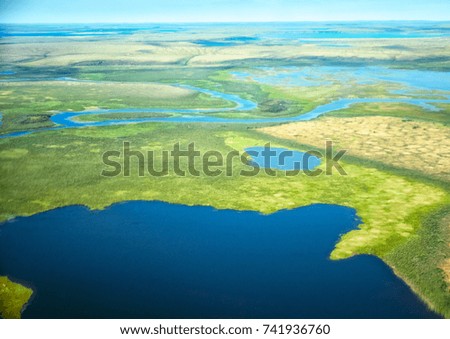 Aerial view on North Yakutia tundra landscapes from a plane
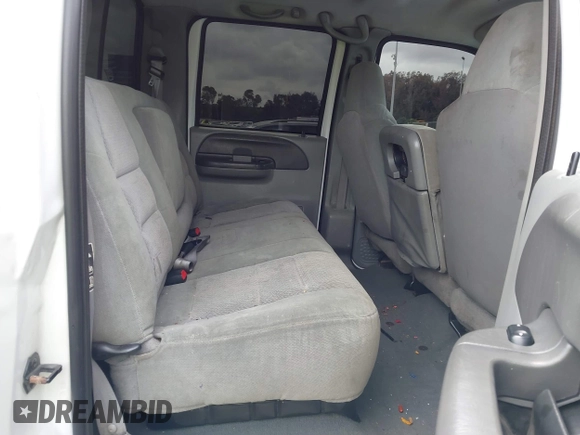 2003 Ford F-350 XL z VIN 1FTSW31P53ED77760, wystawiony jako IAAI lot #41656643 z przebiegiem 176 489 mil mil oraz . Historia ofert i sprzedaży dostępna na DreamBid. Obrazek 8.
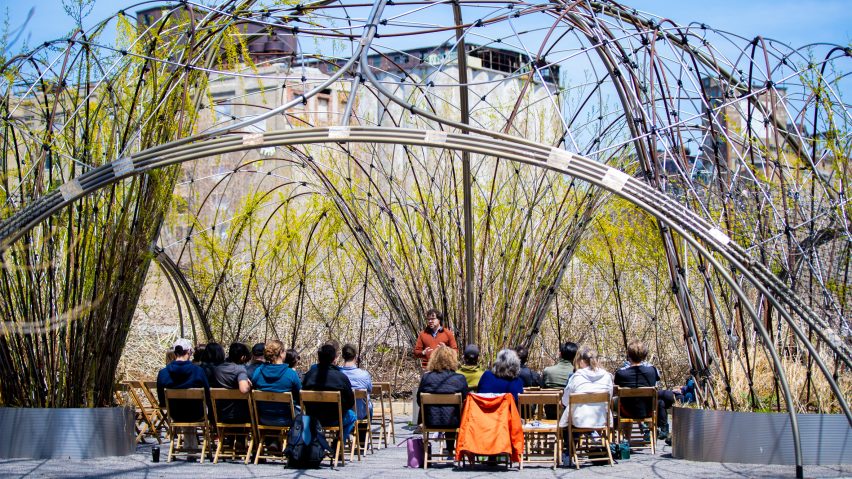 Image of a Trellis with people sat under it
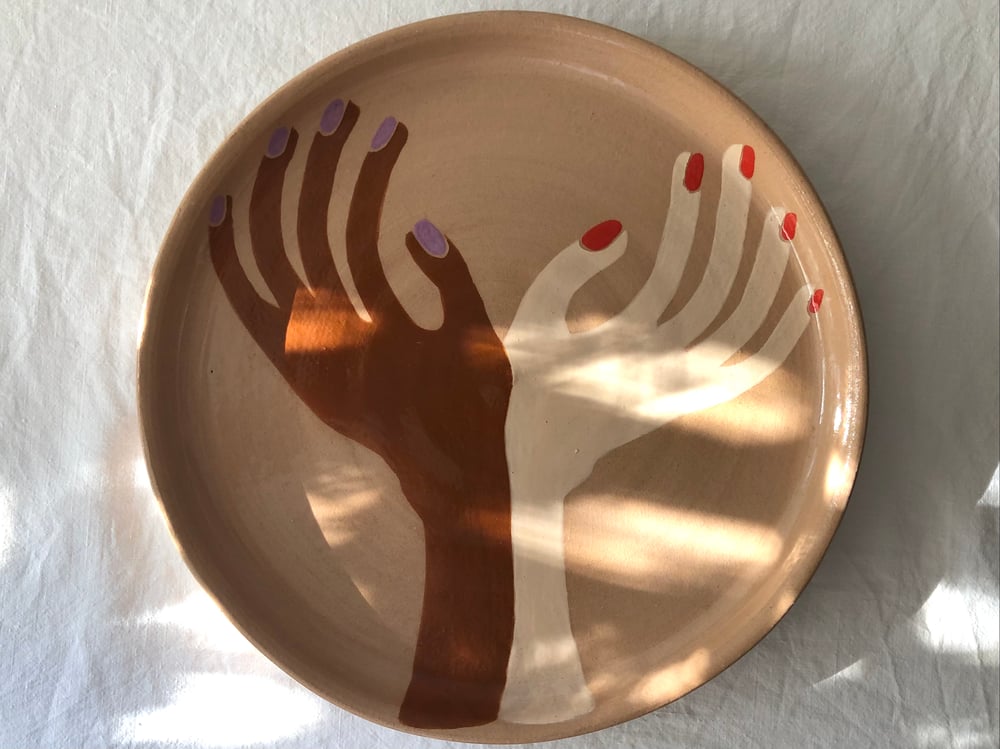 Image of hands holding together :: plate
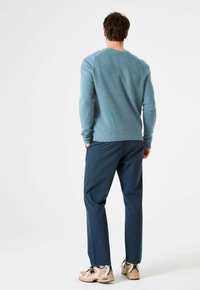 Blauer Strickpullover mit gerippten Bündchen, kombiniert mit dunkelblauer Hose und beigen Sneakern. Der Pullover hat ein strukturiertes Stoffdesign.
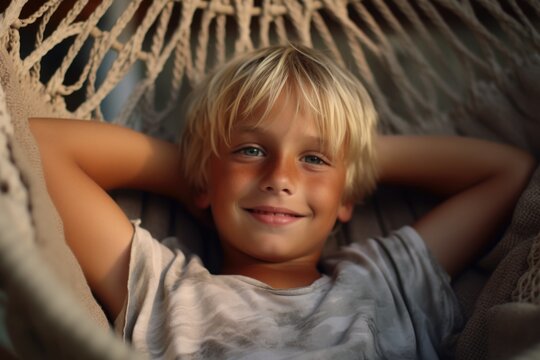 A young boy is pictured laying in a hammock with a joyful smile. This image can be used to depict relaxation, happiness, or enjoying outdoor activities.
----
Only one part of the material above is wanted: the lines from the one with "2003 Ford F-350" up to and including the one with "Image of hands holding together :: plate". Please copy them exactly, pictures left out.

 2003 Ford F-350 XL z VIN 1FTSW31P53ED77760, wystawiony jako IAAI lot #41656643 z przebiegiem 176 489 mil mil oraz . Historia ofert i sprzedaży dostępna na DreamBid. Obrazek 8.
 Image of a Trellis with people sat under it
 Image of hands holding together :: plate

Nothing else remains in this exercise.